EXERCISE AIM: The entries below must be reproduced exactly; their pictures are not part of the copy.

[Scraped caption text data]
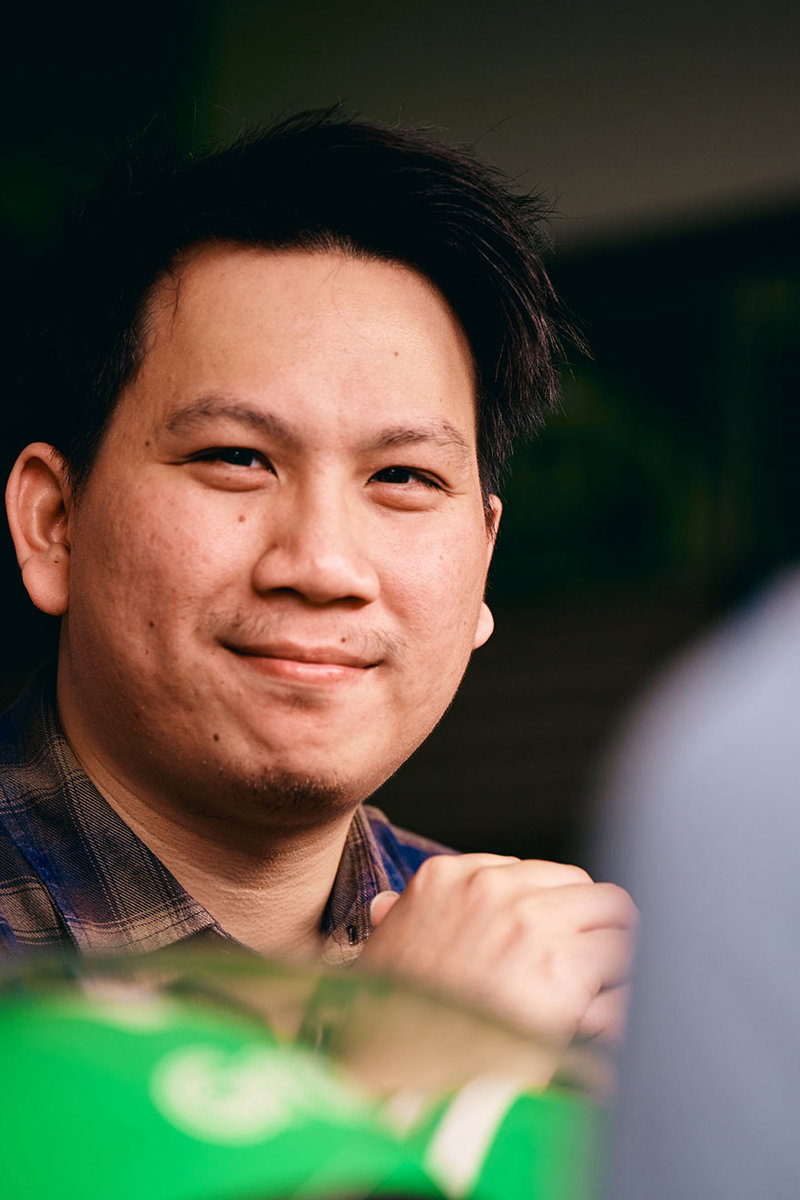a man smiling at another man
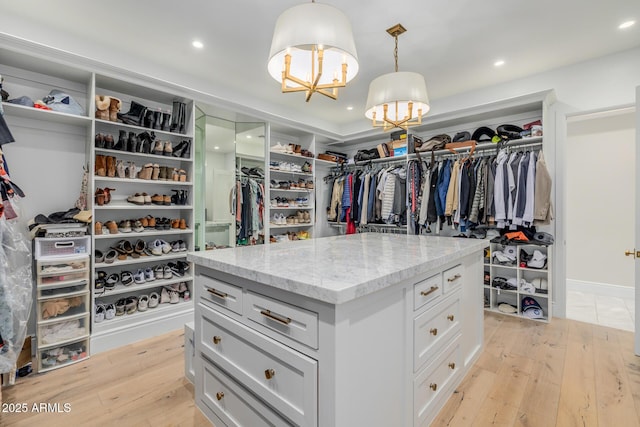 walk in closet with light hardwood / wood-style floors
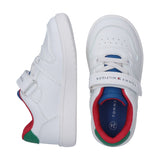 White low-cut sneakers with perforated toes, white laces, a branded Velcro strap, blue tongues, and red and green collar/heel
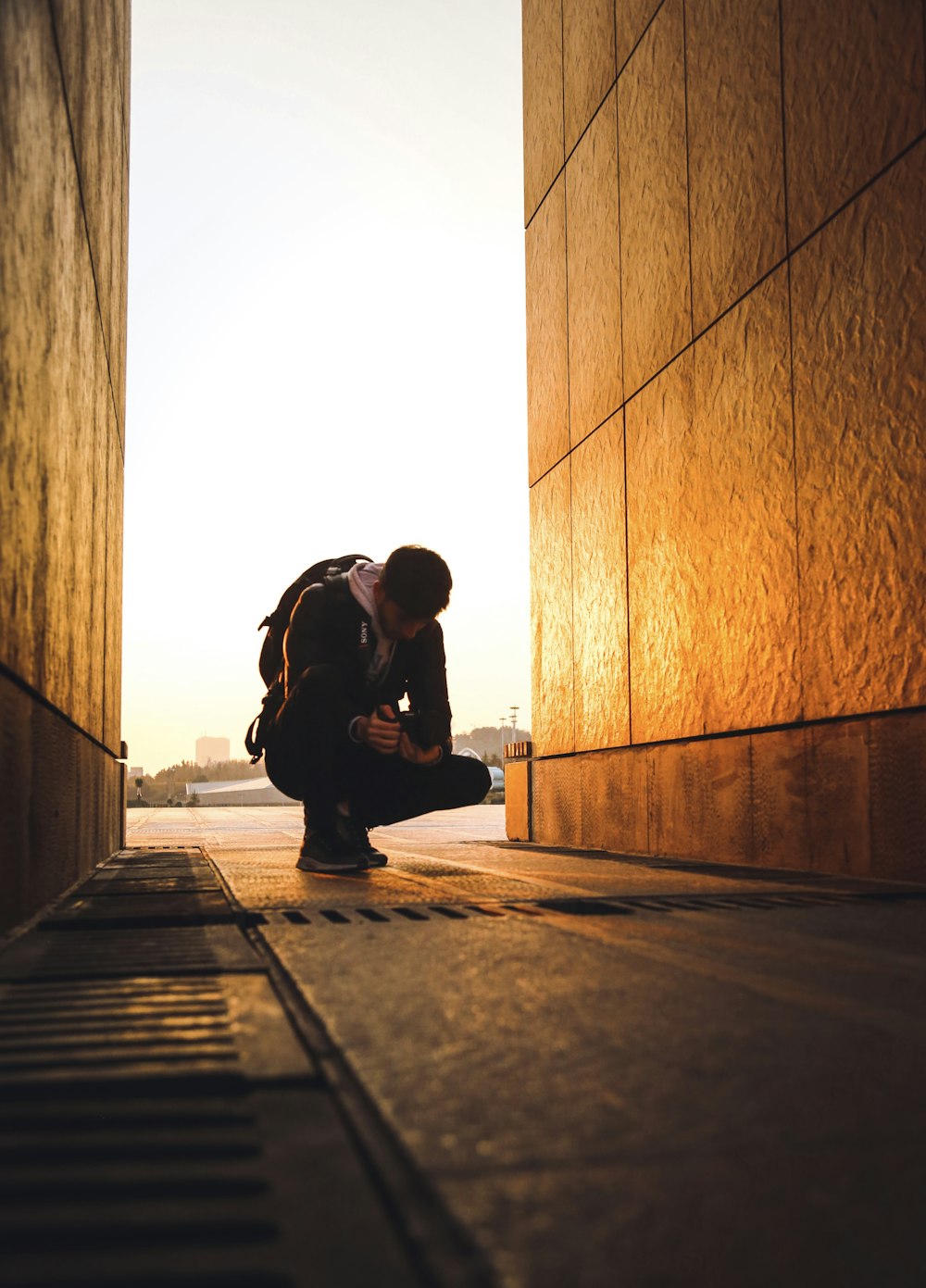a man kneeling down next to a wall looking at his cell phone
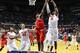 NASHVILLE, TN - MARCH 17: Reginald Buckner #23 of the Ole Miss Rebels goes up between Will Yeguete #15 and Erik Murphy #33 of the Florida Gators in the second half of the SEC Basketball Tournament Championship game at Bridgestone Arena on March 17, 2013 in Nashville, Tennessee. (Photo by Andy Lyons/Getty Images)
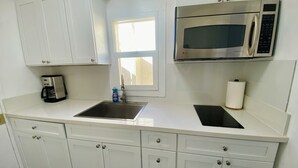 Una cocina con armarios blancos, un microondas de acero inoxidable, una cafetera y una ventana.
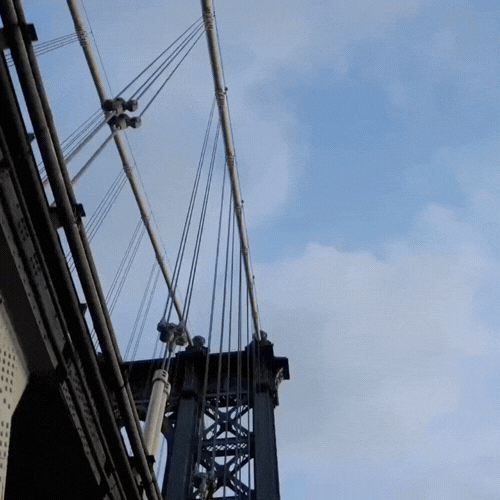 Close-up view of a suspension bridge's towers and cables against a blue sky.
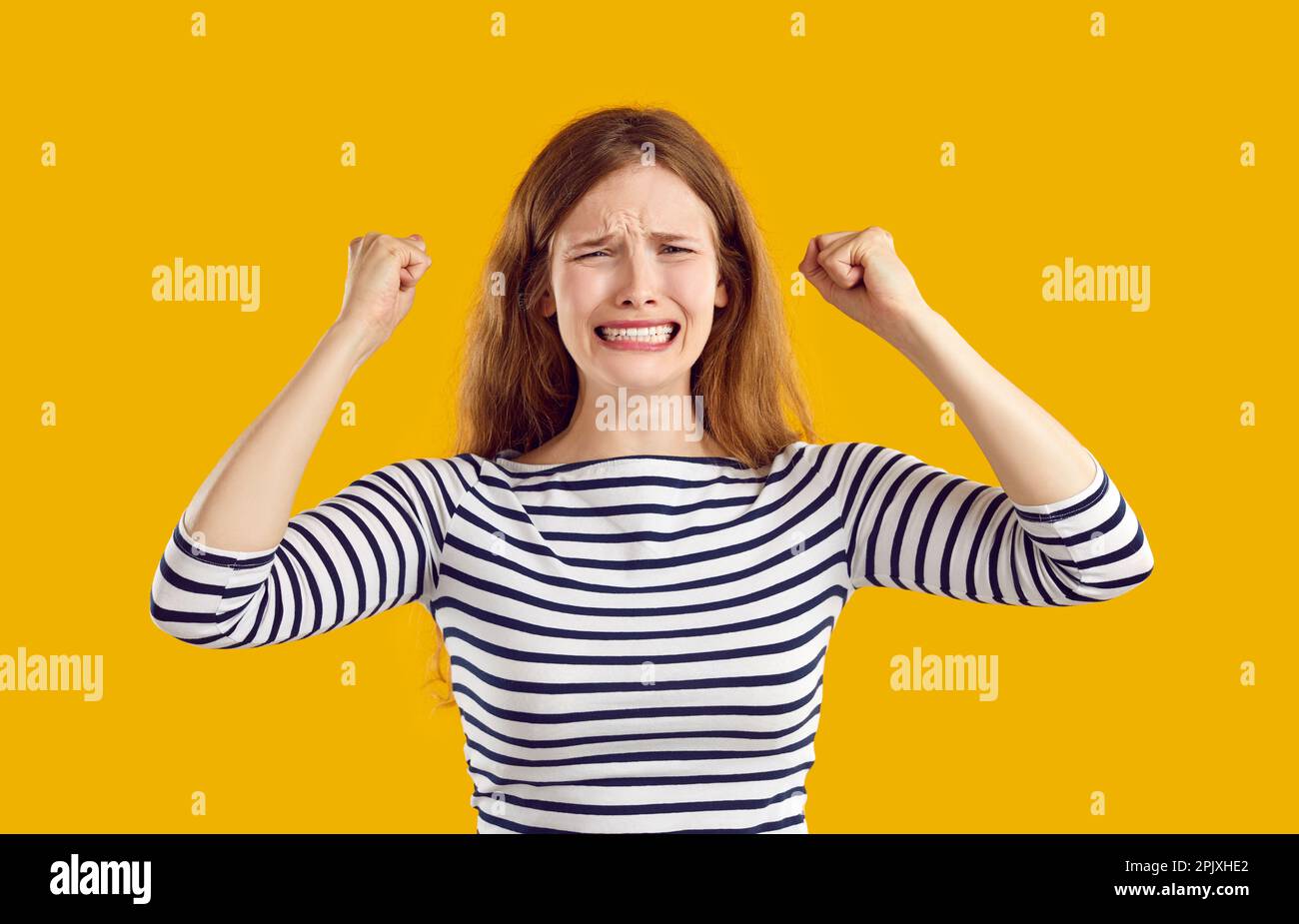 Young sad confused frustrated woman in trouble clenches her fists in despair on yellow background. Stock Photo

SOLUTION TO THE EXERCISE:
a man smiling at another man
 walk in closet with light hardwood / wood-style floors
 White low-cut sneakers with perforated toes, white laces, a branded Velcro strap, blue tongues, and red and green collar/heel
a man kneeling down next to a wall looking at his cell phone
 NASHVILLE, TN - MARCH 17: Reginald Buckner #23 of the Ole Miss Rebels goes up between Will Yeguete #15 and Erik Murphy #33 of the Florida Gators in the second half of the SEC Basketball Tournament Championship game at Bridgestone Arena on March 17, 2013 in Nashville, Tennessee. (Photo by Andy Lyons/Getty Images)
 Una cocina con armarios blancos, un microondas de acero inoxidable, una cafetera y una ventana.
 Close-up view of a suspension bridge's towers and cables against a blue sky.
 Young sad confused frustrated woman in trouble clenches her fists in despair on yellow background. Stock Photo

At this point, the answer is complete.